In celebration of the 30th anniversary of the first Landsat launch, NASA and the USGS have assembled an exhibit called "Landsat: Earth as Art." These images, created by the USGS EROS Data Center using Landsat 7 data, introduce the general public to the Landsat Program, administered jointly by USGS and NASA. The USGS operates Landsat 5 and 7 and manages the national archive of data collected by all of the Landsat satellites, distributing these data to researchers around the world.

"This archive of imagery is a valuable tool for scientists and researchers as they work to gain a better understanding of the Earth and its complex systems," said Charles Groat, USGS Director. "Long-term monitoring information is critical for maintaining the health and safety of our communities, our economy and our environment."

The "Landsat: Earth as Art" exhibit highlights 41 images that were selected on the basis of aesthetic appeal. The exhibit opens July 23 at the Library of Congress in Washington. A selection of the "Landsat: Earth as Art" images will be on display in the Senate Russell Office Building Rotunda in Washington, July 22-26, and the fall at the Arizona Science Center in Phoenix. Another similar exhibit is currently on display in Rapid City, S.D., at the Children's Science Center.

The first Landsat, originally called ERTS, for Earth Resources Technology Satellite, was developed and launched by NASA in 1972. Landsat 5 is still transmitting images and the Landsat 7 mission has built upon the historic strengths of the Landsat program. The low cost of Landsat 7 data, as well as the elimination of data copyright, has fostered an environment in which users are free to experiment with novel applications, and use large quantities of data for existing applications.

The data from these Landsat satellites serve many purposes. Landsat satellites monitor important natural processes and human land use such as vegetation growth, deforestation, agriculture, coastal and river erosion, snow accumulation and fresh-water reservoir replenishment, and urbanization. The USGS uses Landsat data to spot the amount and condition of dry biomass on the ground, which are potential sources for feeding wildfires that can threaten humans, animals and natural resources. Farmers and land managers use Landsat data to help increase crop yields and cut costs while reducing environmental pollution.
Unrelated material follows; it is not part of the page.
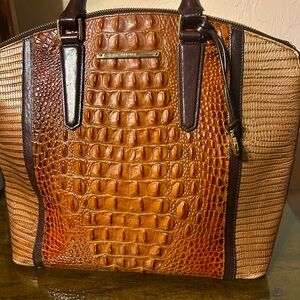 Women’s Brahmin Mixed Texture Handbag in Shades of Brown
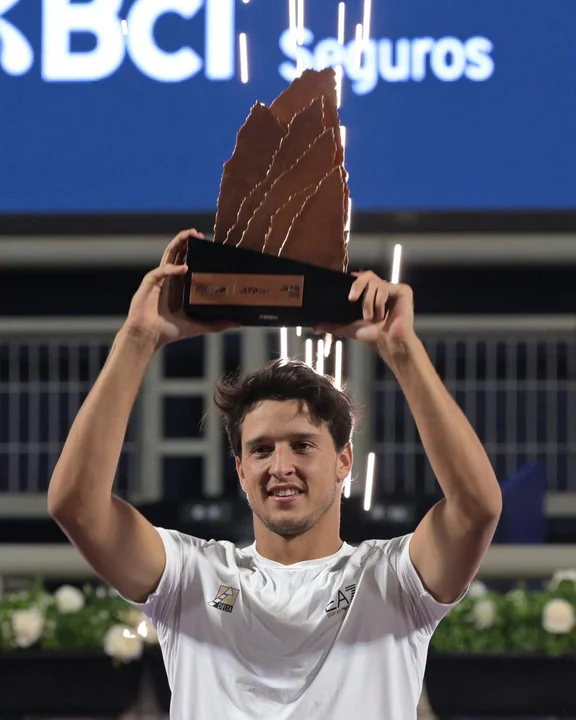 Luciano Darderi campeón del ATP de Santiago de Chile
Continuity of data with previous Landsat missions is a fundamental goal of the Landsat program. Landsat Program Management (NASA and USGS) is required by public law to continue gathering and preserving this important scientific data. The planned follow-on to the Landsat program, the Landsat Data Continuity Mission (LDCM), is a cooperative effort between Government and private industry to provide continuity of land surface measurements beyond Landsat 7 without any data gaps. Based on the Science Data Specification and Data Policy, jointly specified by NASA and USGS, LDCM data and data products will be provided by a commercially owned and operated system.

Landsat is part of NASA's Earth Science Enterprise, a long-term research effort to understand and protect our home planet. Through the study of Earth, NASA will help to provide sound science to policy and economic decision makes so as to better life here, while developing the technologies needed to explore the universe and search for life beyond our home planet.

A Landsat Video File will air on NASA TV on July 22, 23, and 24. Replays will air at 7 a.m., 1 p.m., 4 p.m., and 10 p.m. EDT. NASA Television is available on GE-2, transponder 9C at 85 degrees west longitude, with vertical polarization. Frequency is 3880 MHz with audio on 6.8 MHz.